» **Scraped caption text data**
────────────────
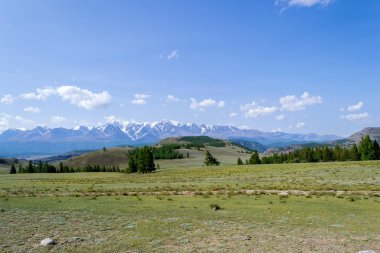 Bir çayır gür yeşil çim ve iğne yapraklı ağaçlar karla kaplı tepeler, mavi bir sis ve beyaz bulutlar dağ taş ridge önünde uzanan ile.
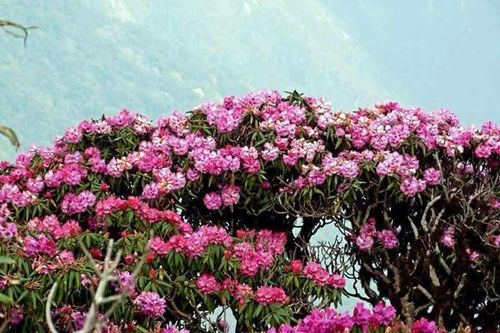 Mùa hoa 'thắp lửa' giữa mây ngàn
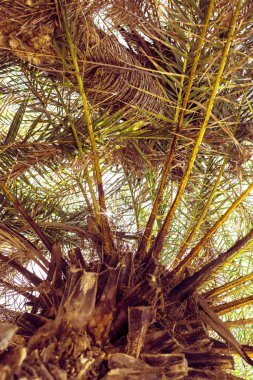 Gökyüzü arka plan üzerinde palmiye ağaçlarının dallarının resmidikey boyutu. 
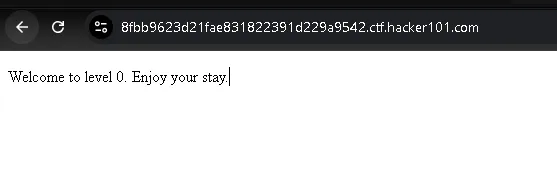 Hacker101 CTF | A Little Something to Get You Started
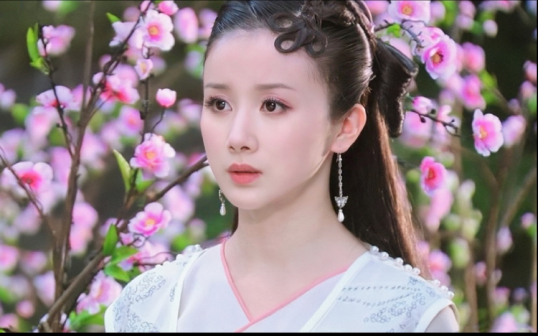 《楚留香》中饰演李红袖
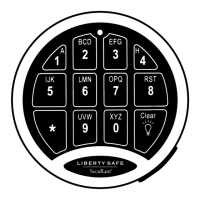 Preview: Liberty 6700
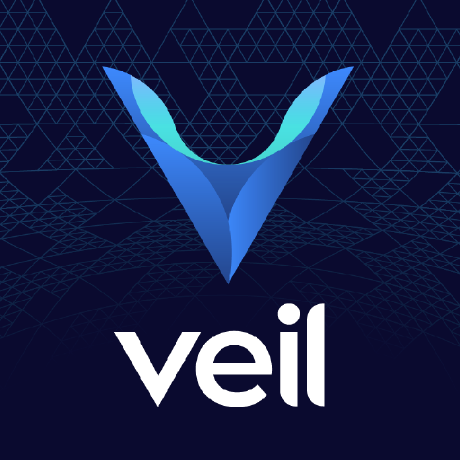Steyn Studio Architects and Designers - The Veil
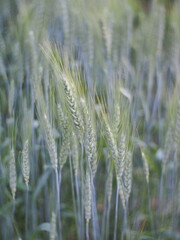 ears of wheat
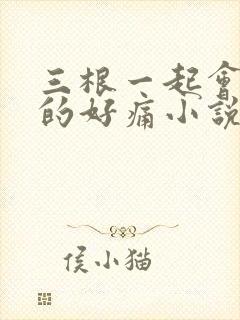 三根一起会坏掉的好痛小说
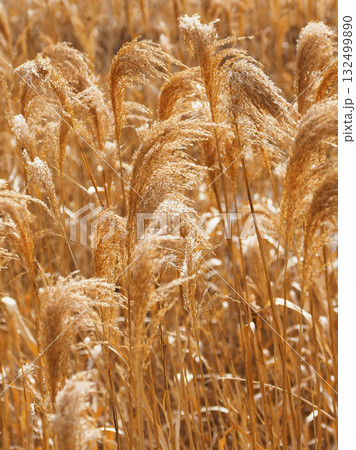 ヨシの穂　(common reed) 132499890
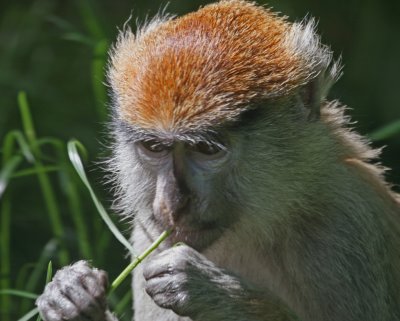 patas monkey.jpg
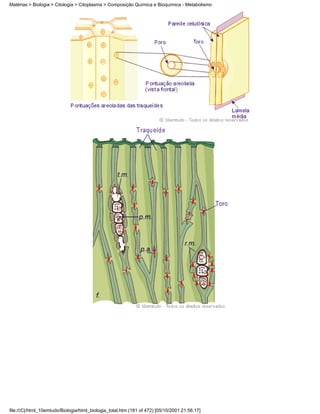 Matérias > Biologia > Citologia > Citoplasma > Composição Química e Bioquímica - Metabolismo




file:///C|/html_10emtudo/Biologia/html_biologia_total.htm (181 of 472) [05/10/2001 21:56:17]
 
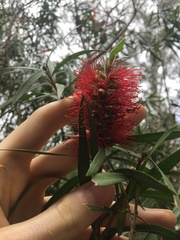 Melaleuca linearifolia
────────────────
» **WHAT IS EXPECTED**
Once the line holding "Steyn Studio Architects" is found, set it down along with every line after it through the end of the entries, exactly, leaving the pictures out.

» **YOUR RESPONSE**
Steyn Studio Architects and Designers - The Veil
 ears of wheat
 三根一起会坏掉的好痛小说
 ヨシの穂　(common reed) 132499890
 patas monkey.jpg
 Matérias > Biologia > Citologia > Citoplasma > Composição Química e Bioquímica - Metabolismo




file:///C|/html_10emtudo/Biologia/html_biologia_total.htm (181 of 472) [05/10/2001 21:56:17]
 
 Melaleuca linearifolia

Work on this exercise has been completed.